AssemblyAI provides speech-to-text transcription with both asynchronous batch processing and real-time WebSocket streaming. The Beluga AI provider uses AssemblyAI’s upload-and-poll workflow for batch transcription and the real-time WebSocket API for streaming, delivering word-level timing, speaker labels, and automatic punctuation.

Choose AssemblyAI when you need both real-time streaming and high-quality async batch transcription from a single provider. Its upload-and-poll batch workflow is well-suited for pre-recorded audio processing, while WebSocket streaming handles live audio. For the lowest streaming latency, also evaluate Deepgram.

import _ "github.com/lookatitude/beluga-ai/voice/stt/providers/assemblyai"

The blank import registers the "assemblyai" provider with the STT registry.

FieldTypeDefaultDescription
LanguagestringBCP-47 language code (e.g., "en")
PunctuationboolfalseEnable automatic punctuation
DiarizationboolfalseEnable speaker labels
SampleRateint16000Audio sample rate in Hz (for streaming)
ExtraSee below
KeyTypeRequiredDescription
api_keystringYesAssemblyAI API key
base_urlstringNoOverride REST base URL
ws_urlstringNoOverride WebSocket URL
package main
import (
"context"
"fmt"
"log"
"os"
"github.com/lookatitude/beluga-ai/voice/stt"
_ "github.com/lookatitude/beluga-ai/voice/stt/providers/assemblyai"
)
func main() {
ctx := context.Background()
engine, err := stt.New("assemblyai", stt.Config{
Language: "en",
Extra: map[string]any{"api_key": os.Getenv("ASSEMBLYAI_API_KEY")},
})
if err != nil {
log.Fatal(err)
}
audio, err := os.ReadFile("recording.wav")
if err != nil {
log.Fatal(err)
}
text, err := engine.Transcribe(ctx, audio)
if err != nil {
log.Fatal(err)
}
fmt.Println("Transcript:", text)
}
import "github.com/lookatitude/beluga-ai/voice/stt/providers/assemblyai"
engine, err := assemblyai.New(stt.Config{
Language: "en",
Punctuation: true,
Diarization: true,
Extra: map[string]any{"api_key": os.Getenv("ASSEMBLYAI_API_KEY")},
})

The batch workflow uploads audio to AssemblyAI, creates a transcript job, and polls for completion. This is handled automatically by Transcribe:

  1. Audio bytes are uploaded to AssemblyAI’s upload endpoint.
  2. A transcript job is created with the uploaded audio URL.
  3. The provider polls the transcript status every 500ms until completion.

This makes batch transcription best suited for pre-recorded audio rather than real-time use cases.

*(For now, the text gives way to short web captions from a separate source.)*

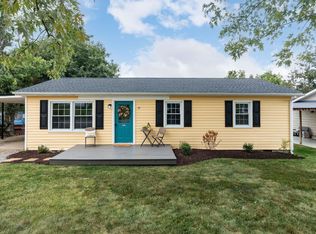 24 Westgate Rd, Verona, VA 24482
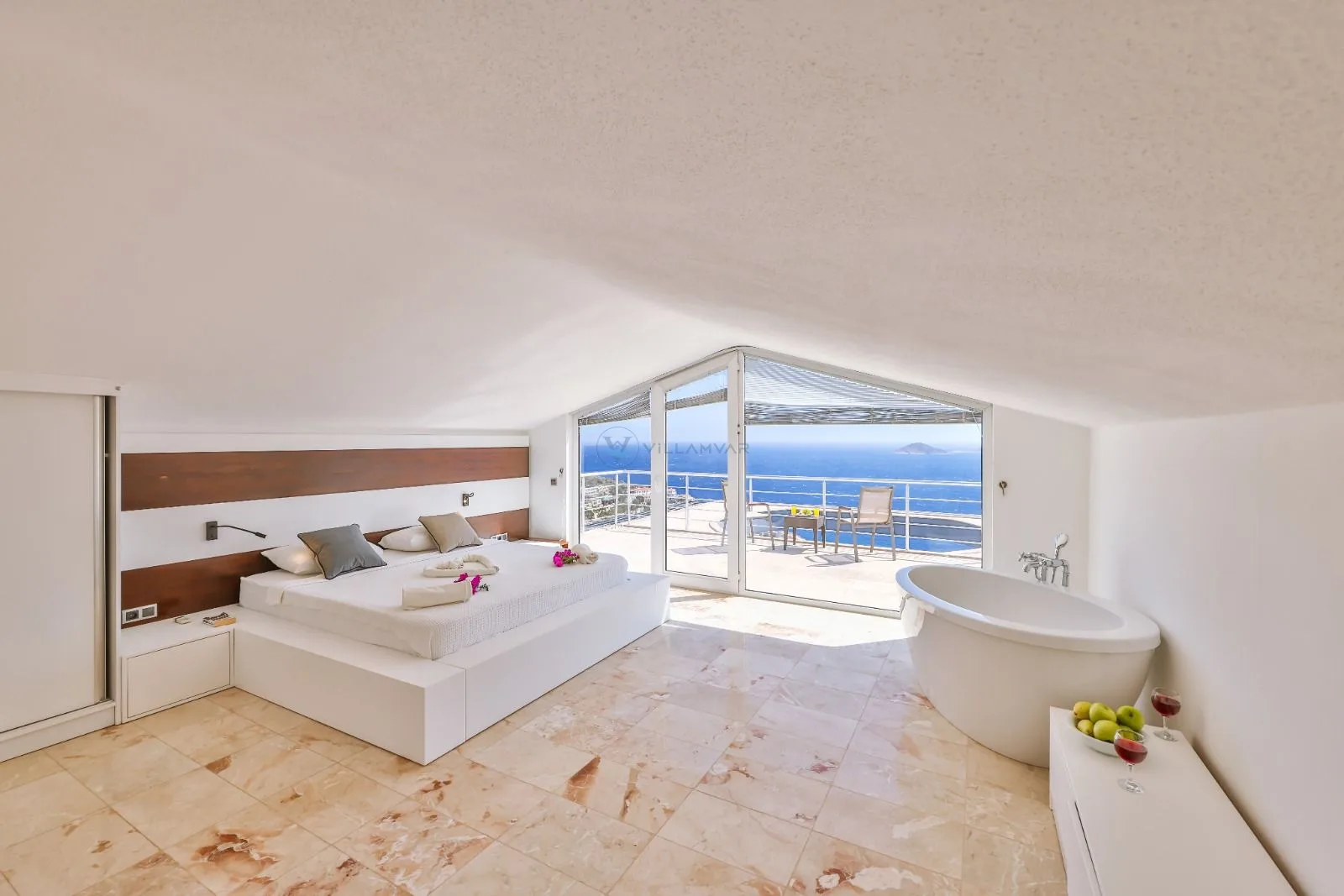 Villa Hillside 1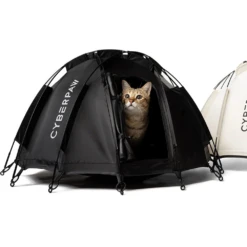 Cyberpaw Astrodome Pet Tent -Roam Ready 7 39d6e465 e349 4452 9f78 b20a2a415a8d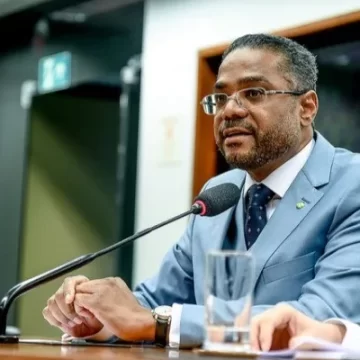 Republicanos abre as portas para Léo Prates na Bahia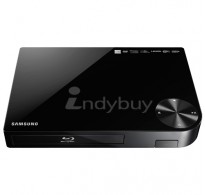 Samsung Blu-ray & DVD Player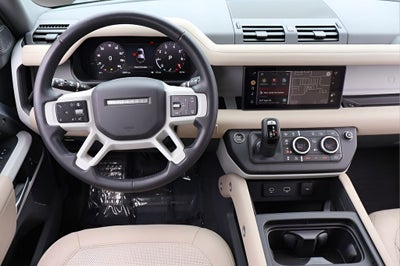 2024 Land Rover Defender 110 S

AssemblyAI supports native real-time streaming via WebSocket. The provider emits both partial (PartialTranscript) and final (FinalTranscript) events:

func transcribeStream(ctx context.Context, engine stt.STT, audioStream iter.Seq2[[]byte, error]) {
for event, err := range engine.TranscribeStream(ctx, audioStream,
stt.WithSampleRate(16000),
) {
if err != nil {
log.Printf("stream error: %v", err)
break
}
if event.IsFinal {
fmt.Printf("[FINAL] %s\n", event.Text)
} else {
fmt.Printf("[PARTIAL] %s\n", event.Text)
}
}
}

Word-level timing is available on transcript events:

for _, word := range event.Words {
fmt.Printf(" %s [%v - %v] (%.2f)\n",
word.Text, word.Start, word.End, word.Confidence)
}
processor := stt.AsFrameProcessor(engine, stt.WithLanguage("en"))
pipeline := voice.Chain(vadProcessor, processor, llmProcessor, ttsProcessor)
text, err := engine.Transcribe(ctx, audio,
stt.WithLanguage("es"),
stt.WithPunctuation(true),
stt.WithDiarization(true),
stt.WithSampleRate(16000),
)
engine, err := stt.New("assemblyai", stt.Config{
Language: "en",
Extra: map[string]any{
"api_key": os.Getenv("ASSEMBLYAI_API_KEY"),
"base_url": "https://assemblyai.internal.corp/v2",
"ws_url": "wss://assemblyai.internal.corp/v2/realtime/ws",
},
})